Give the blogs some more time and we will have even more ideas:)
You know, I still don’t understand why they don’t just crimp the pipe closed. I saw a sixteen inch LP pipe crimped shut once with my own eyes. They scooped out a hole around it and placed a hydraulic crimping device around the pipe and it clamped it shut. Granted it wasn’t a mile under the ocean but considering it was in the early eighties, I don’t see why adapting that technique would be insurmountable.
They can’t scoop a hole. It’s soft mud down there (like, say, chocolate pudding).
(Also the equipment probably isn’t designed to work under those conditions. That’s important: it’s very difficult, almost like being in space in some ways.)
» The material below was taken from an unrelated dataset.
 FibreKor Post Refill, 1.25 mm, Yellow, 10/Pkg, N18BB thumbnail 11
PJ, we have deep sea research vessels that can work at 3 times the depth of DH. I find it hard to believe that we can’t get something down there to do something more useful than sticking a straw in a fire hose.
The
governmenttaxpayer-funded earthquake research center is in Buffalo, NY – they got the prize based on a plan they cribbed from UC.Jim,
Thanks for staying on this. Great work. I have been trying to locate if the test results of the tar ball that washed up in the keys tested positive for this spill.
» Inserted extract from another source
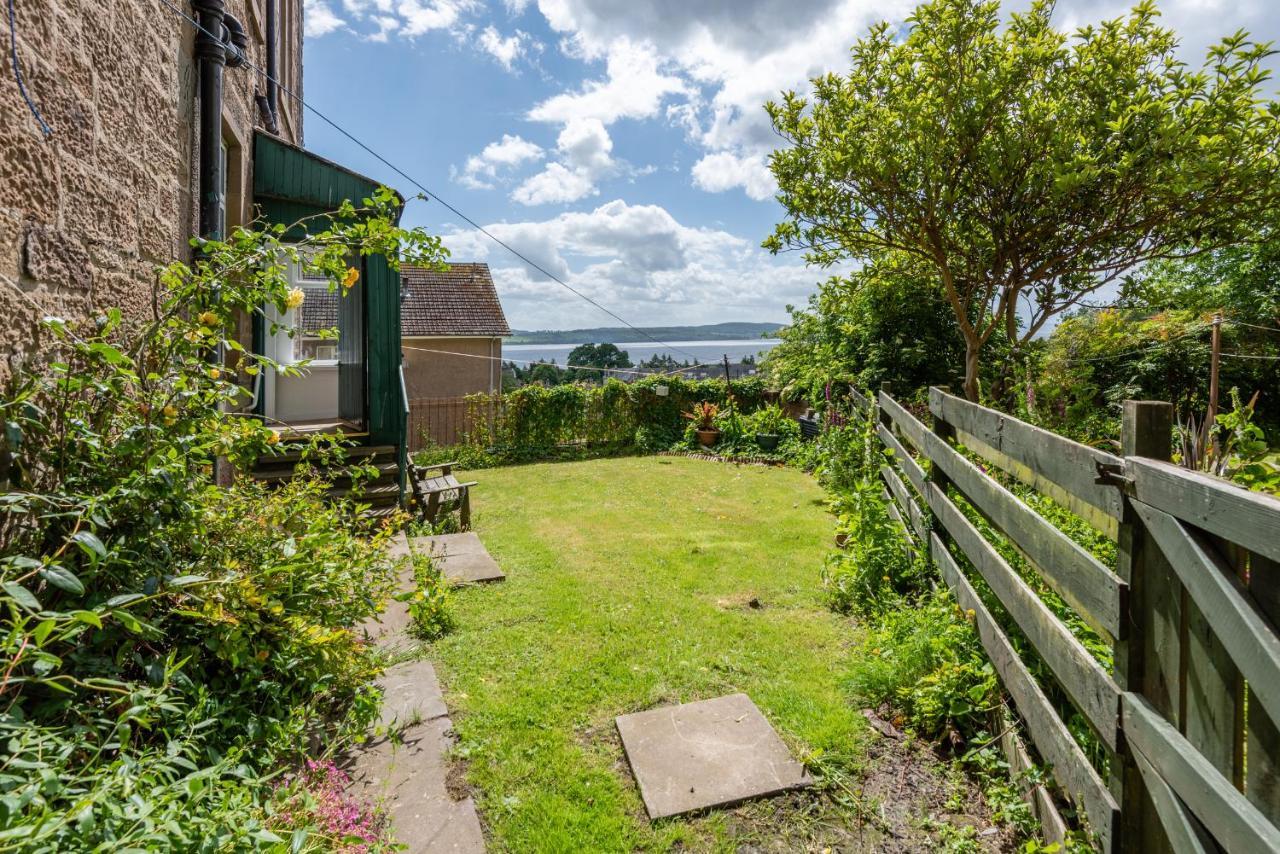 River View Apartment Dundee Luaran gambar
Have you read anything yet? It does not take that long to conduct the test.
Jane has a fresh cross-post already in progress: What Can You Say — We Dared You, Blanche
As bungled and corporation-serving as this Department of Commerce (NOAA) response has been so far, it occurs to me to wonder just how much worse the response would have been had Republican Judd Gregg, Obama’s first choice for Secretary of Commerce actually taken the job. I’m betting that there wouldn’t even be an admission that video cameras are at the leak source.
I read something yesterday(?) where an ex-navy person was talking about blowing the flow shut with explosives. I believe he said that it had been done before. The reason he, or someone else, offered for not doing this was that it would mean a total loss of the investment BP’s made in this well which would be some hundreds of millions. The squelching of information about the spill may be to prevent public opinion from demanding that BP take the loss.
Was it Crooks and Liars?
FDL, please keep posting stories about this travesty.
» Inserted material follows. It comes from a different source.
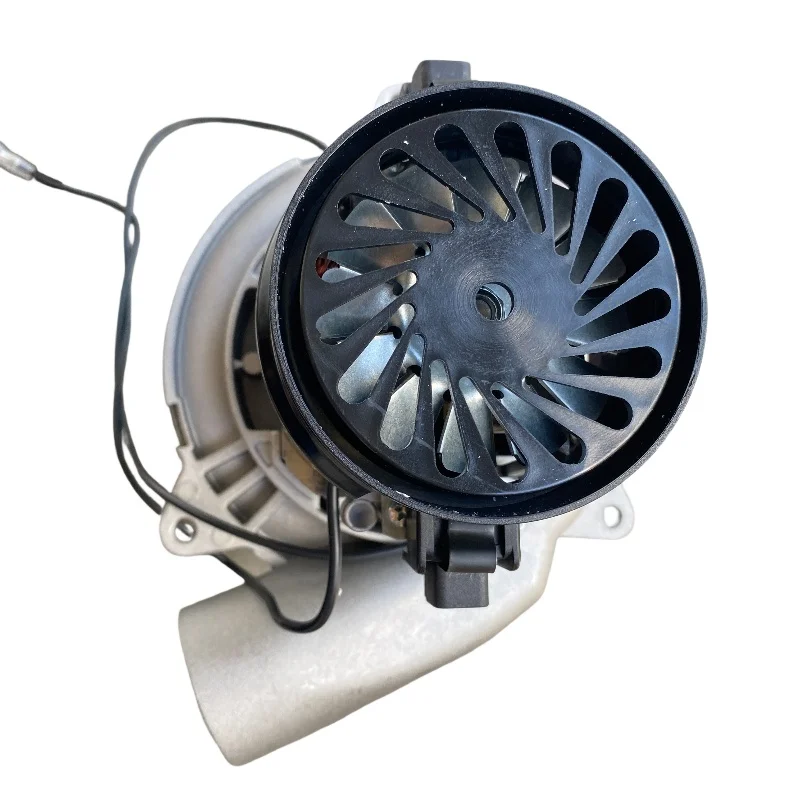 220V 1200W Industriestaubsauger Zubehör Motor Staubfreier Sägemotor, Waschmaschinenmotor, Saugmotor Ersatz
I hate mentioning HP, but they’ve got an infuriating BP story on there now.
BP apparently not only owns the Gulf of Mexico, but it also owns the shoreline of the United States.
I am assuming that the BP shills on that boat are…unAmericans.
Is the “response” to the Horizon gusher being used to mask or deflect responsibility from other spills and reset the legal clock for a bunch of corporations as BP is “Too Big To Be Litigated Against”? (from DemocraticUnderground.Com):
Related:
How Bush’s DOJ Killed a Criminal Probe Into BP That Threatened to Net Top Officials; Jason Leopold; Truthout; 5/19/10
and
Deepwater Horizon Springs Another Leak; Scott Horton; 5/18/10
Hey, KO just plugged FDL as the source of a story and graphic about how NOAA and Big Oil, including BP, discussed the possibiity of underwater spills and underwater plumes something like five years ago!!
The plug and the graphic come at about 5:48 or 5:50 p.m. They’re part of the lead-in to the final segment, an interview with Robert Redford.
KO, FDL, and Redford, all practically in the same breath!
Way to go, FDL!
Indeed. He was referring to this terrific post by Scarecrow. The FDL video wizards are doing their magic to make the video available soon!